Impala is a highly performant SQL-on-Hadoop system especially for multi-user and interactive workloads. It is different from traditional RDBMS in that it is decoupled from the underlying storage engine.
Impala offers flexibility in the file formats and operates on tables. It supports partitioned and unpartitioned tables and offers functionality for creating, altering table partitions in different file formats.
The SQL statements supported by Impala supports the same standard SELECT statement syntax, standard SQL scalar data types, analytic functions, user-defined functions (UDFs) and user-defined aggregate functions (UDAs). Update or Delete SQL statements are not supported, however Impala makes provision for bulk Updates, Deletes and Statistic computations.
Architecture has three main components:
- Impala daemon (impalad)
- Symmetric daemons on every node. Symmetric implies that any impalad is capable of making independent decisions for all the daemons - anyone can be the coordinator.
- Accepts queries from clients and orchestrates execution of query segments across the cluster
- Statestore daemon (statestored)
- Metadata publish-subscribe service which disseminates cluster-wide metadata (topics) to all Impala processes. There is only a single statestored instance.
- Sends two kinds of messages to every subscriber:
- Topic Updates: Deltas of topic updates are sent to all the subscribers of that topic. Subscribers respond to this with any change in subscribed list of topics.
- Keepalive: To check liveness of subscriber.
- Weak update semantics: Not all the subscribers will be at the same updated level. This is not a bottleneck for impalad, as decisions are not co-ordinated and the only drawback would be taking decisions based on slightly stale metadata.
- Catalog daemon (catalogd)
- Serves catalog metadata using statestored.
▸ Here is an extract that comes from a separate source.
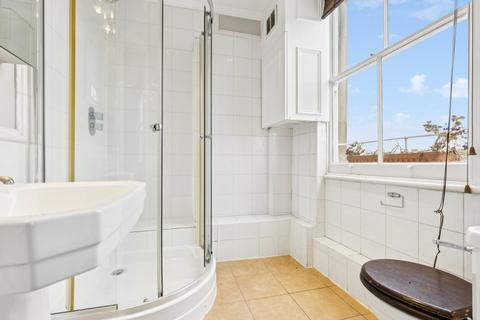 2 bedroom flat for sale, Cornwall Gardens, London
- Pulls information from third-party metadata stores to convert to Impala compatible catalog structure
- Also maintains Impala-specific catalog structure such as UDFs
- Since catalogs are often large in size complete table metadata is loaded lazily
A typical workflow can be divided into two portions:
- Frontend.
- Query parsing: SQL statement to parsed tree
- Semantic analysis
- Query planning
- First a single node plan is generated
- Then a parallelized plan is generated
- Query optimization: Predicate pushdown. Cost-Based optimization for join ordering and coalescing analytic functions.
- Backend
- Runtime code generation for generation of inline functions with minimal instructions
- I/O management
- Support for different Storage Formats is managed here
Resource and Workload Management: Lookahead resource negotiator over YARN called Llama. Also supports admission control.